You can use hold down the ALT key and then drag the bounding box side you want to move...


----------



## LazloTheRascal (Jan 13, 2021)

Banyarola said:


> You can use hold down the ALT key and then drag the bounding box side you want to move...



Thanks for the reply! I do know I can crop it that way, I'm just trying to have a few sources be exact sizes so I'm trying to see if I can input specific numbers to the height and width of the source. Particularly in display capture.


----------



## aega (Jan 13, 2021)

Right Click on the Source, Transform -> Edit Transform


----------



## LazloTheRascal (Jan 13, 2021)

aega said:


> Right Click on the Source, Transform -> Edit Transform


That did the trick! Thank you so much!


----------



## FerretBomb (Jan 13, 2021)

LazloTheRascal said:


> Thanks for the reply! I do know I can crop it that way, I'm just trying to have a few sources be exact sizes so I'm trying to see if I can input specific numbers to the height and width of the source.
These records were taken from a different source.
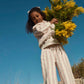 A young girl wears the Louise Misha Girls’ Ysalia Sweatpant, adorned with a delicate floral print, as she holds a large bouquet of yellow flowers outdoors beneath a clear blue sky.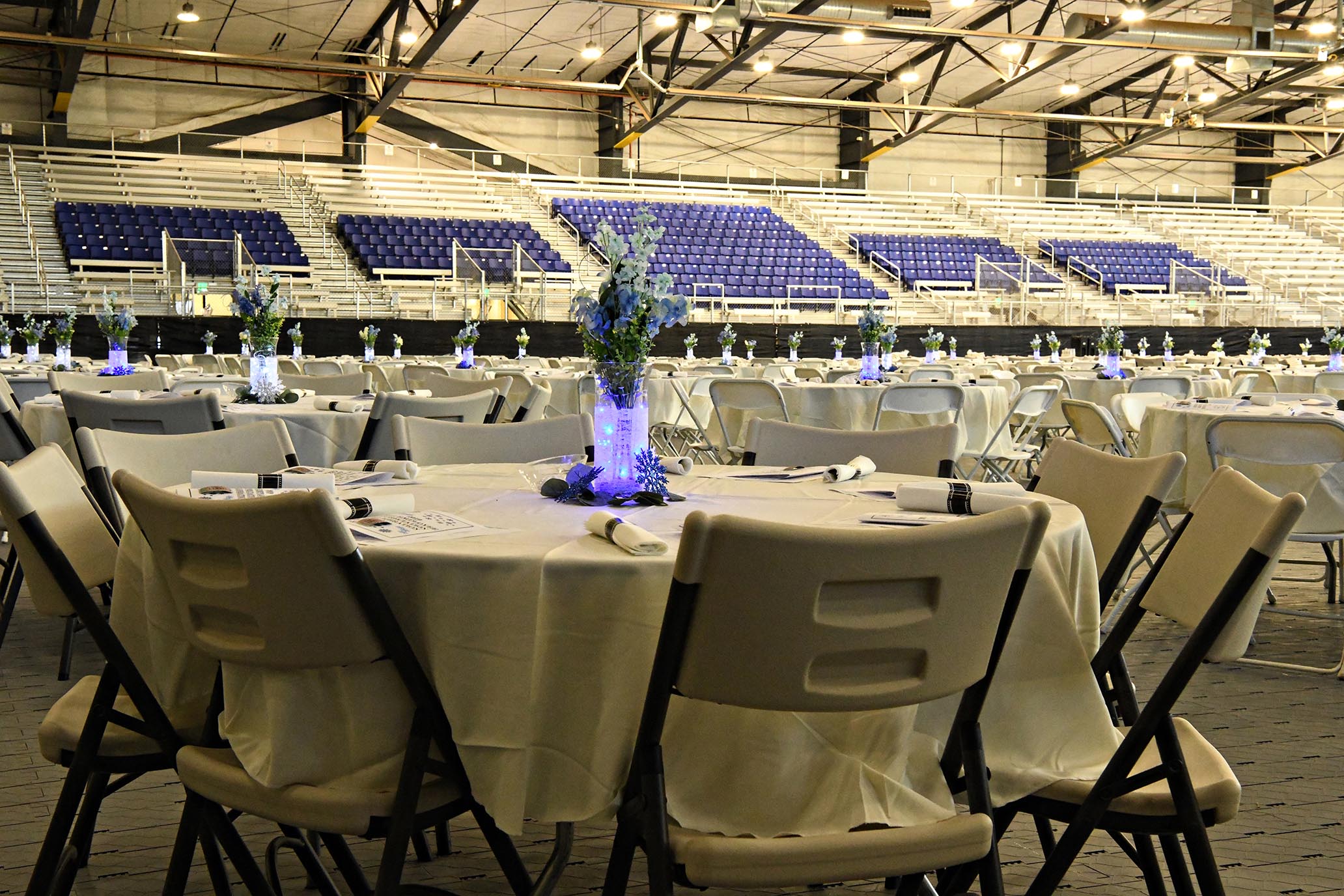 indoor arena set for party with white tablecloths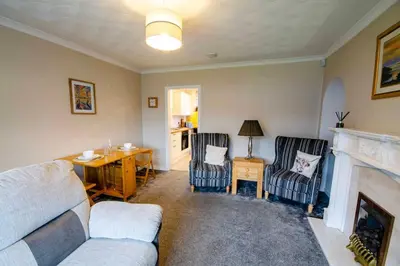 a living room with a couch and a fireplace at Spacious 4-Bedroom House in Glenboig in Glenboig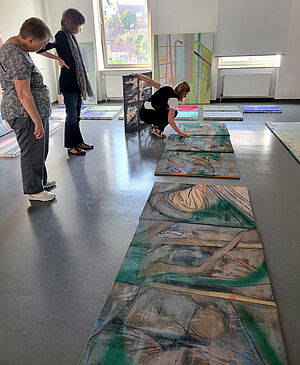 3 Frauen stehen vor einer auf dem Boden liegende Reihe an Kunstwerken. 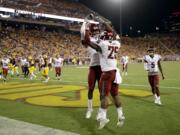 Washington State running back Jamal Morrow (25) celebrates his touchdown catch with teammate Isaiah Johnson-Mack during the second half of an NCAA college football game against Arizona State, Saturday, Oct. 22, 2016, in Tempe, Ariz.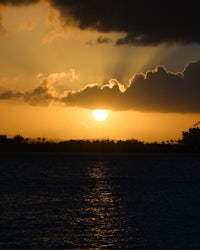 the sun is setting over a body of water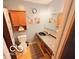Cozy bathroom with decorative accents, a sink, and standard toilet at 8990 N 850 W, Fairland, IN 46126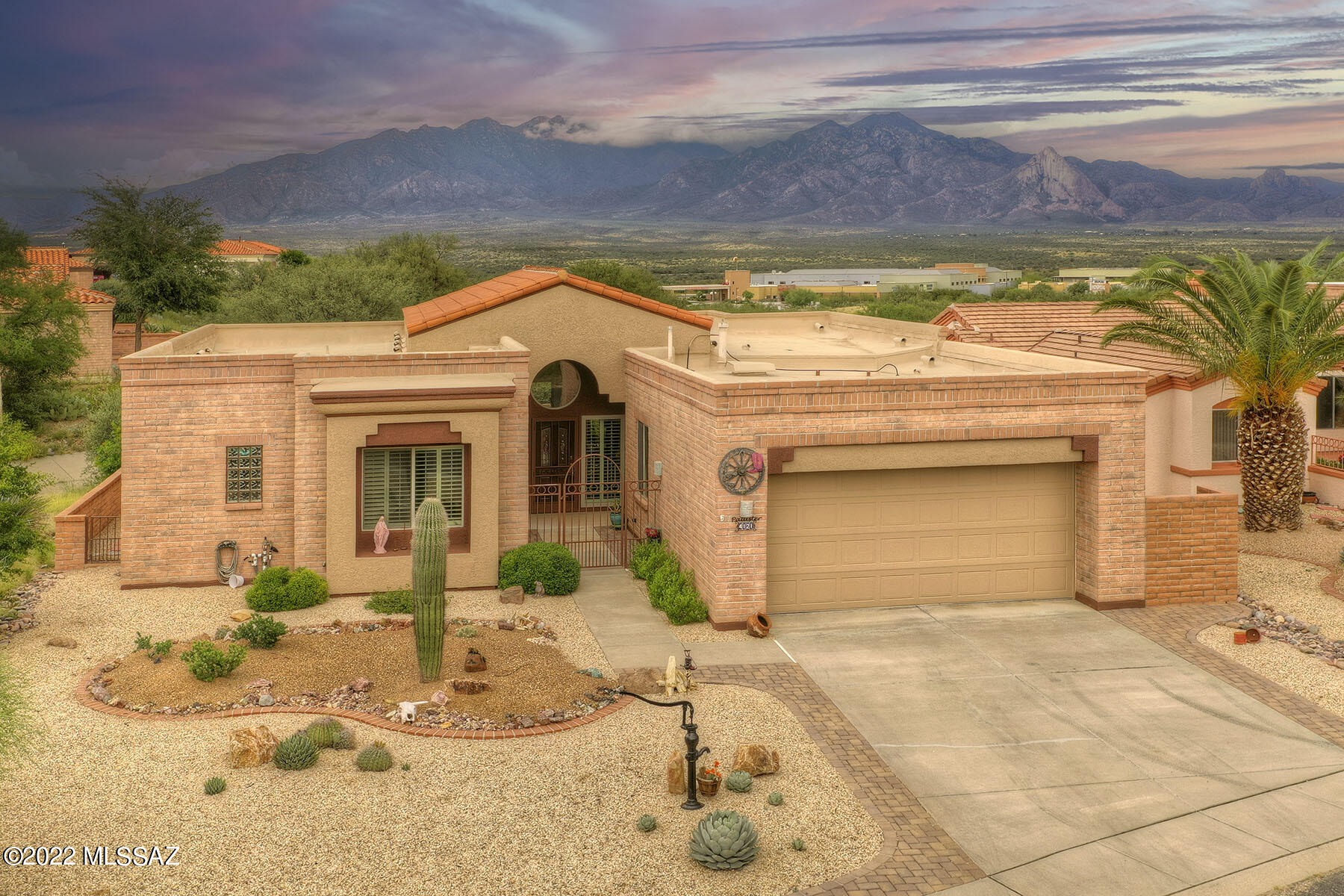 Unobstructed Santa Rita Mountain VIEWS in this gorgeous, completely updated home!  Luxurious finishes and and soaring ceilings are framed by oversized windows that bring the natural light and views deep into the interior. Curb appeal abounds as guests arrive and enter the beautifully done front courtyard.  Entering into the living room, they will be awed by the spectacular mountains that greet them!   The patio is the heart and soul of this home with its breathtaking views and beautifully finished space. A gurgling fountain and red pavers create ambience, inviting memories to be made.  Back inside, the formal dining area looks directly onto the views and the kitchen is the perfect place to gather with family and friends.  Stunning custom wood cabinetry and plenty of space make entertainin A joy!  The office is adjacent and hidden from the main entertaining areas of the home.  Guests will love the privacy and updates of their ensuite, complete with an impressive tiled walk-in shower.  Retreat to your owners suite where you can gaze at the mountain views every morning.  A spa-like bath welcomes you after a long day.  Your home should be your sanctuary, allowing you to live your next journey in life with beauty, elegance and ease.  If this is your dream, then this is your home!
Particularly in display capture.


Right-click the source in the Sources list, Transform, Edit Transform.
Or just click on the source in the list and hit CTRL-E.
I'd also recommend checking out the 'scale filtering' option in the right-click menu, if you're going to be resizing in the preview window. It can make things look quite a bit better to enable bicubic filtering as compared to the default.


----------



## Lawrence_SoCal (Jan 13, 2021)

FerretBomb said:


> I'd also recommend checking out the 'scale filtering' option in the right-click menu, if you're going to be resizing in the preview window. It can make things look quite a bit better to enable bicubic filtering as compared to the default.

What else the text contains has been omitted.